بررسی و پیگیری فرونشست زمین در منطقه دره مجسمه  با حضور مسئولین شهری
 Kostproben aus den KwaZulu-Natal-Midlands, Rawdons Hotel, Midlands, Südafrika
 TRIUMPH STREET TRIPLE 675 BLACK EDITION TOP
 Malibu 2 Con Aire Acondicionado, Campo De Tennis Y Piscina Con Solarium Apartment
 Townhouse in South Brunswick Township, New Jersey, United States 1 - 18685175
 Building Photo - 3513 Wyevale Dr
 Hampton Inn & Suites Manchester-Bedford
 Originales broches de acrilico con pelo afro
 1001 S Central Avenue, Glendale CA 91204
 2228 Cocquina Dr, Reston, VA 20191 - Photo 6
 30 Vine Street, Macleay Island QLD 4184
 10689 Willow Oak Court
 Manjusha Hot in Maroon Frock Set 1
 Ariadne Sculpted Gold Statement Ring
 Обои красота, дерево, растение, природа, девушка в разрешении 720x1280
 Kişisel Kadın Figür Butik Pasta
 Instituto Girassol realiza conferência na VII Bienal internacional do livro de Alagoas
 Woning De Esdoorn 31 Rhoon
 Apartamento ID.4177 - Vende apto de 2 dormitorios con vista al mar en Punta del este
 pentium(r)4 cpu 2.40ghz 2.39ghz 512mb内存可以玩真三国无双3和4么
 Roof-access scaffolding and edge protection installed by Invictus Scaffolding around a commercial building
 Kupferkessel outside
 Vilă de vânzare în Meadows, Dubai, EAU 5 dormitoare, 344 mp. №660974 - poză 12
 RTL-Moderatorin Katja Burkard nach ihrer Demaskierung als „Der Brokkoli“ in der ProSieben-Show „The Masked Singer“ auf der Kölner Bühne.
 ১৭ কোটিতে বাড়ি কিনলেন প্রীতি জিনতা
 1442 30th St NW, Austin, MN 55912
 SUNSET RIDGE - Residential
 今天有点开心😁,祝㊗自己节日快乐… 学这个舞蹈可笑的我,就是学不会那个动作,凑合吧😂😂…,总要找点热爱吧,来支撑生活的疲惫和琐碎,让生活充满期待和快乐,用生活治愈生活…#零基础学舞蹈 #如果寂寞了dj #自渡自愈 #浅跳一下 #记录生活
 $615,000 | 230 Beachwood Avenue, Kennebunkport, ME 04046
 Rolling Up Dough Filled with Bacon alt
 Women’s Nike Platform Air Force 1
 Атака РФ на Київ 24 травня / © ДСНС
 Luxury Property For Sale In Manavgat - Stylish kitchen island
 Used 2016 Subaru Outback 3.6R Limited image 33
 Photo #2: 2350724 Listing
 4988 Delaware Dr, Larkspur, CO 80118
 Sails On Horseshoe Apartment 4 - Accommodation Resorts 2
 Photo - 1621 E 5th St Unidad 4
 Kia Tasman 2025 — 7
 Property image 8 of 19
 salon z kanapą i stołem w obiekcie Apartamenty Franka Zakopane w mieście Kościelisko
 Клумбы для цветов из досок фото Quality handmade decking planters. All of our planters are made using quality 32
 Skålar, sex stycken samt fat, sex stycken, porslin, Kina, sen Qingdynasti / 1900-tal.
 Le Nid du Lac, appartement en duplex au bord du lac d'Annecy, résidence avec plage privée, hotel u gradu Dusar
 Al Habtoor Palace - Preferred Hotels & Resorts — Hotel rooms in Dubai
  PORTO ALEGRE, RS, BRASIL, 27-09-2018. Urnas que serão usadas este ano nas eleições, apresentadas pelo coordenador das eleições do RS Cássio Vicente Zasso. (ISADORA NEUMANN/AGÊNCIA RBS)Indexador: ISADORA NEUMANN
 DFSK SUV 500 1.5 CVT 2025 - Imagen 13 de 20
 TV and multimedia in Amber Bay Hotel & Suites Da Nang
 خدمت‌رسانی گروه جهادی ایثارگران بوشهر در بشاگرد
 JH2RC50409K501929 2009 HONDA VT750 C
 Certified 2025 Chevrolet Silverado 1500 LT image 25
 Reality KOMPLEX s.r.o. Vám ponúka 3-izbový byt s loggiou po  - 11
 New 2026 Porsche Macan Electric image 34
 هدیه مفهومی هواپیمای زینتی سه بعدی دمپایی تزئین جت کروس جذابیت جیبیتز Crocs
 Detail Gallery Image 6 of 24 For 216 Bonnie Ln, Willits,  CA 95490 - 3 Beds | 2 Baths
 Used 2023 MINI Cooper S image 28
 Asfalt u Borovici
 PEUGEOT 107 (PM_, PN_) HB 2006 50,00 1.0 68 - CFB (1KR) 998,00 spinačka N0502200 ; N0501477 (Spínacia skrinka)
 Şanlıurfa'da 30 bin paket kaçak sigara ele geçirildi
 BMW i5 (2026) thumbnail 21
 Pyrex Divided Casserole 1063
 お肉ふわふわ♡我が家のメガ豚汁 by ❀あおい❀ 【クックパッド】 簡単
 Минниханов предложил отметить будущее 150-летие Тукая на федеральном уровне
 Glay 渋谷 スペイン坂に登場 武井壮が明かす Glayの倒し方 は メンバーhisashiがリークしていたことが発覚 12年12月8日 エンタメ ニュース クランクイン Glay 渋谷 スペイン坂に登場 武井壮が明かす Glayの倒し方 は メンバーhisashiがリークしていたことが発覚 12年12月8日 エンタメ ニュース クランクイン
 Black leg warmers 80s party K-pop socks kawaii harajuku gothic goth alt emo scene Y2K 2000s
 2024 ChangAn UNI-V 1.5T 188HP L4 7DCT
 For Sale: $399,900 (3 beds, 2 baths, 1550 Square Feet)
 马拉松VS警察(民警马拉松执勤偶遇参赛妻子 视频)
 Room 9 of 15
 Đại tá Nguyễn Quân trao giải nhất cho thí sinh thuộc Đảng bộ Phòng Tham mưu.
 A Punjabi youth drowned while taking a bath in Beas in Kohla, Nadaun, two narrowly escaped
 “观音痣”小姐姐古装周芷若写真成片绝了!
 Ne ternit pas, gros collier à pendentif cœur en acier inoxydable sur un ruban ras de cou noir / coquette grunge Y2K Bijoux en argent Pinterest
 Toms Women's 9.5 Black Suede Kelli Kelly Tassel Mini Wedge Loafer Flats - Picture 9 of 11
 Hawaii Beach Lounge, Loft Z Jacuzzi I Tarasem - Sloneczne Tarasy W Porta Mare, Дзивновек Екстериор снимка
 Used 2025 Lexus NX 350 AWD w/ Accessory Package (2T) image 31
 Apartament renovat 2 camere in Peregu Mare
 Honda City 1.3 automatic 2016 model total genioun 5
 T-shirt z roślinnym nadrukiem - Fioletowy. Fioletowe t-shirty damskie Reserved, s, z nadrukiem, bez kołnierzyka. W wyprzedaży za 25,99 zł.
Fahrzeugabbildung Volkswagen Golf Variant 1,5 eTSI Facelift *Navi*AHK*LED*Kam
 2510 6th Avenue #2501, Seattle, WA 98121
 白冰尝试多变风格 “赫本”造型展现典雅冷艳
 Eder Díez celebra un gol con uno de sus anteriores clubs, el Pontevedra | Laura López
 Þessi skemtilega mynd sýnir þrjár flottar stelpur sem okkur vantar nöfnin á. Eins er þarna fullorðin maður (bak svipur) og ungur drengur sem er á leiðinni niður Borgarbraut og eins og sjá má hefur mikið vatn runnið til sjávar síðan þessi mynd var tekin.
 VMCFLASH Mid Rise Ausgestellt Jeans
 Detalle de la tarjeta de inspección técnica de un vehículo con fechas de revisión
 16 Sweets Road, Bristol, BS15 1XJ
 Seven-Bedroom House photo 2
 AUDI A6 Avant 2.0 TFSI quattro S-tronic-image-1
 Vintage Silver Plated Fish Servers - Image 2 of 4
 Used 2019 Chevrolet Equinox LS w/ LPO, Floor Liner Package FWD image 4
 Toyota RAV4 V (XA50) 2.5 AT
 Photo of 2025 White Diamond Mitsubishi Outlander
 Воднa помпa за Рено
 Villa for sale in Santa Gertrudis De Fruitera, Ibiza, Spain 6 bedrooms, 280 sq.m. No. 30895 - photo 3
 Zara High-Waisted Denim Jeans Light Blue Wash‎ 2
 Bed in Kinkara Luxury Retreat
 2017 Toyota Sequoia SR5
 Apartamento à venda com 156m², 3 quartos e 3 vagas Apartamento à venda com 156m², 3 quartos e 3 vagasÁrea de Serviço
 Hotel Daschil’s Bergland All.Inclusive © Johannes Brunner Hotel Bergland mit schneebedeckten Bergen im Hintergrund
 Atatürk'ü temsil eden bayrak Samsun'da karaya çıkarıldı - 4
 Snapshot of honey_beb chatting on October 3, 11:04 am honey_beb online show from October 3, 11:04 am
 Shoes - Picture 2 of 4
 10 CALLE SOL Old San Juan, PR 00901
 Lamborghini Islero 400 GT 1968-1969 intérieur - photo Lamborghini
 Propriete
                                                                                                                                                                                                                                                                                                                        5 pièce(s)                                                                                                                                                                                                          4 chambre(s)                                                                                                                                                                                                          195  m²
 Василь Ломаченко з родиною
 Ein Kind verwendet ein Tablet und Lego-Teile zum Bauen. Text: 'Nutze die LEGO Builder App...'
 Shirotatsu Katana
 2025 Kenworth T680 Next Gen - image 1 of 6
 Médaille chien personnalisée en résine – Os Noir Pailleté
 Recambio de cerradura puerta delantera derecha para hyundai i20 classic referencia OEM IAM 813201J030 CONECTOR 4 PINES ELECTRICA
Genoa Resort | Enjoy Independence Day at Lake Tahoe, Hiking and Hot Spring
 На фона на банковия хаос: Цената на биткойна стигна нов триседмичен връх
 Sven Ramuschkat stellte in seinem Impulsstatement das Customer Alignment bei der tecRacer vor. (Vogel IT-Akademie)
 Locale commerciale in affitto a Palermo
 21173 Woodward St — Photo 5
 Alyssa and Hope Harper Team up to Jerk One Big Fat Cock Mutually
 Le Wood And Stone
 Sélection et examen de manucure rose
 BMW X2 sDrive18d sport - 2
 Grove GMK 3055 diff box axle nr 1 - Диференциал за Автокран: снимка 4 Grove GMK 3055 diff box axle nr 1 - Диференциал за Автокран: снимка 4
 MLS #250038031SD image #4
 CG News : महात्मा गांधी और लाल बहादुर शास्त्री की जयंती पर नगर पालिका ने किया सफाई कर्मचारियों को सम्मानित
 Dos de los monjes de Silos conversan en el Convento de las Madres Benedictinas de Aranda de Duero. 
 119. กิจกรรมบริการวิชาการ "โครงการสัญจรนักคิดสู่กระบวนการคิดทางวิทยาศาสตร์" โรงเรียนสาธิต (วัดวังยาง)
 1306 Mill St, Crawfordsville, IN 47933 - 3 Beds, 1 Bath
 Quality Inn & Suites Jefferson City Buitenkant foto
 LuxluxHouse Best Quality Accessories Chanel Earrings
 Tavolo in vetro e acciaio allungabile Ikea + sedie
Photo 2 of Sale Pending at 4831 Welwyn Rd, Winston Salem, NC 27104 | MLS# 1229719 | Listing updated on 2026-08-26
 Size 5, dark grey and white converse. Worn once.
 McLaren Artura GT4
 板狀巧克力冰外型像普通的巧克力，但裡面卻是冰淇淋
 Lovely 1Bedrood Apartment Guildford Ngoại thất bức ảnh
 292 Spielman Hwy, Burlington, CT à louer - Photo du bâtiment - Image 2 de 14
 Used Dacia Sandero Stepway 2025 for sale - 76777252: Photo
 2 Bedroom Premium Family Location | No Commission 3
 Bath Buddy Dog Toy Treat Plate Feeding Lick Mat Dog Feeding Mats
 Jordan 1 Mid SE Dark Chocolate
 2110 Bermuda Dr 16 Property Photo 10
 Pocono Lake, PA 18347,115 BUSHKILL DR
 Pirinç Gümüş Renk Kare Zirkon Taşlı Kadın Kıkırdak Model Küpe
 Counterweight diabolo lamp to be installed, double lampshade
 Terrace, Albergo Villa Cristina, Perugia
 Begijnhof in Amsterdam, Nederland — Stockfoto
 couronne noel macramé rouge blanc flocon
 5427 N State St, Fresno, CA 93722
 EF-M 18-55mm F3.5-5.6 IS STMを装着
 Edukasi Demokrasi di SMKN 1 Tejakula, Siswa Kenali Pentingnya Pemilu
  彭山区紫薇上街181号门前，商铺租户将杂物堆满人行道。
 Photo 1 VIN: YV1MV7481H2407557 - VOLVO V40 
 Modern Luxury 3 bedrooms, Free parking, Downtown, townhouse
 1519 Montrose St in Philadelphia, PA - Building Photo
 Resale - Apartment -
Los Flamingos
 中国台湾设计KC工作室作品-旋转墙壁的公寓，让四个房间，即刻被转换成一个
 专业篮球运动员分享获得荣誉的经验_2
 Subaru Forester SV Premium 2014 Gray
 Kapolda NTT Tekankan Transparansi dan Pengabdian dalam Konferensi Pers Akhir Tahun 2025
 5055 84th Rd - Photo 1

++++++++++++++++++++

* Description of the task *
Copy the lines of the data above exactly as written, beginning with the line containing "Sven Ramuschkat stellte" and ending with the line containing "Lovely 1Bedrood Apartment", and leave out all other lines.

* Result below *
 Sven Ramuschkat stellte in seinem Impulsstatement das Customer Alignment bei der tecRacer vor. (Vogel IT-Akademie)
 Locale commerciale in affitto a Palermo
 21173 Woodward St — Photo 5
 Alyssa and Hope Harper Team up to Jerk One Big Fat Cock Mutually
 Le Wood And Stone
 Sélection et examen de manucure rose
 BMW X2 sDrive18d sport - 2
 Grove GMK 3055 diff box axle nr 1 - Диференциал за Автокран: снимка 4 Grove GMK 3055 diff box axle nr 1 - Диференциал за Автокран: снимка 4
 MLS #250038031SD image #4
 CG News : महात्मा गांधी और लाल बहादुर शास्त्री की जयंती पर नगर पालिका ने किया सफाई कर्मचारियों को सम्मानित
 Dos de los monjes de Silos conversan en el Convento de las Madres Benedictinas de Aranda de Duero. 
 119. กิจกรรมบริการวิชาการ "โครงการสัญจรนักคิดสู่กระบวนการคิดทางวิทยาศาสตร์" โรงเรียนสาธิต (วัดวังยาง)
 1306 Mill St, Crawfordsville, IN 47933 - 3 Beds, 1 Bath
 Quality Inn & Suites Jefferson City Buitenkant foto
 LuxluxHouse Best Quality Accessories Chanel Earrings
 Tavolo in vetro e acciaio allungabile Ikea + sedie
Photo 2 of Sale Pending at 4831 Welwyn Rd, Winston Salem, NC 27104 | MLS# 1229719 | Listing updated on 2026-08-26
 Size 5, dark grey and white converse. Worn once.
 McLaren Artura GT4
 板狀巧克力冰外型像普通的巧克力，但裡面卻是冰淇淋
 Lovely 1Bedrood Apartment Guildford Ngoại thất bức ảnh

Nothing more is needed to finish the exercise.